We can also implement Numeric for Java’s BigDecimal class (avoid
scala.BigDecimal, it is fundamentally broken)
import java.math.{ BigDecimal => BD }
implicit val NumericBD: Numeric[BD] = new Numeric[BD] {
def plus(x: BD, y: BD): BD = x.add(y)
def times(x: BD, y: BD): BD = x.multiply(y)
def negate(x: BD): BD = x.negate
def zero: BD = BD.ZERO
def compare(x: BD, y: BD): Int = x.compareTo(y)
}
We could even take some liberties and create our own data structure for complex numbers:
final case class Complex[T](r: T, i: T)
And derive a Numeric[Complex[T]] if Numeric[T] exists. Since these
instances depend on the type parameter, it is a def, not a val.
implicit def numericComplex[T: Numeric]: Numeric[Complex[T]] =
new Numeric[Complex[T]] {
type CT = Complex[T]
def plus(x: CT, y: CT): CT = Complex(x.r + y.r, x.i + y.i)
def times(x: CT, y: CT): CT =
Complex(x.r * y.r + (-x.i * y.i), x.r * y.i + x.i * y.r)
def negate(x: CT): CT = Complex(-x.r, -x.i)
def zero: CT = Complex(Numeric[T].zero, Numeric[T].zero)
def compare(x: CT, y: CT): Int = {
val real = (Numeric[T].compare(x.r, y.r))
if (real != 0) real
else Numeric[T].compare(x.i, y.i)
}
}
The observant reader may notice that abs is not at all what a
mathematician would expect. The correct return value for abs should
be T, not Complex[T].
scala.math.Numeric tries to do too much and does not generalise
beyond real numbers. This is a good lesson that smaller, well defined,
typeclasses are often better than a monolithic collection of overly
specific features.
If you need to write generic code that works for a wide range of number types, prefer spire to the stdlib. Indeed, in the next chapter we will see that concepts such as having a zero element, or adding two values, are worthy of their own typeclass.
4.2.4 Implicit Resolution
We’ve discussed implicits a lot: this section is to clarify what implicits are and how they work.
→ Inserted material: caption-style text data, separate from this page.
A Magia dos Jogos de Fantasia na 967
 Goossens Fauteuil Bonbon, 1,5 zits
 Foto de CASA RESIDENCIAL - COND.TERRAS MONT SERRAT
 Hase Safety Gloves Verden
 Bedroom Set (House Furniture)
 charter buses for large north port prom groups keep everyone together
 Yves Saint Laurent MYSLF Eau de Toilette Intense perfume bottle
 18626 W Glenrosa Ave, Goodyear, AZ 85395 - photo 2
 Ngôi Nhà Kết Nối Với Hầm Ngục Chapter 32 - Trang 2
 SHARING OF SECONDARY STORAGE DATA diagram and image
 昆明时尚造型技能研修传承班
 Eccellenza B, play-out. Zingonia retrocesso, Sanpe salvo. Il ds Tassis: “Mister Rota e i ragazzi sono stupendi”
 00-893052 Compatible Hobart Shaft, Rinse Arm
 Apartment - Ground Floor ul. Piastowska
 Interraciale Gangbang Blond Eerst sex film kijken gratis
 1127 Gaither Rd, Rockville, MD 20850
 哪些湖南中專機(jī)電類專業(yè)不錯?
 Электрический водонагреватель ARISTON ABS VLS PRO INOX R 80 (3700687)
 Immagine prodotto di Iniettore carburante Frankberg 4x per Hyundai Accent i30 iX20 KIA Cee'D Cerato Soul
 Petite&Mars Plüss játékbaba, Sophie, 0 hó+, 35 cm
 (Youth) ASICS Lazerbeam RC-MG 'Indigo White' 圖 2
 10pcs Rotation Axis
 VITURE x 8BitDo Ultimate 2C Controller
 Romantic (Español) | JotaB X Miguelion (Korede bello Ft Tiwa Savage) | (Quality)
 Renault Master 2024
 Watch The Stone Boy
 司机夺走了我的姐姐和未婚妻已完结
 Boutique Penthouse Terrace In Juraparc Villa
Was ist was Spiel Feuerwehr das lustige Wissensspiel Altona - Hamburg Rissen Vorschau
Implicit parameters are when a method requests that a unique instance of a particular type is in the implicit scope of the caller, with special syntax for typeclass instances. Implicit parameters are a clean way to thread configuration through an application.
In this example, foo requires that typeclasses instances of Numeric and
Typeable are available for A, as well as an implicit Handler object that
takes two type parameters
def foo[A: Numeric: Typeable](implicit A: Handler[String, A]) = ...
Implicit conversion is when an implicit def exists. One such use
of implicit conversions is to enable extension methodology. When the
compiler is resolving a call to a method, it first checks if the
method exists on the type, then its ancestors (Java-like rules). If it
fails to find a match, it will search the implicit scope for
conversions to other types, then search for methods on those types.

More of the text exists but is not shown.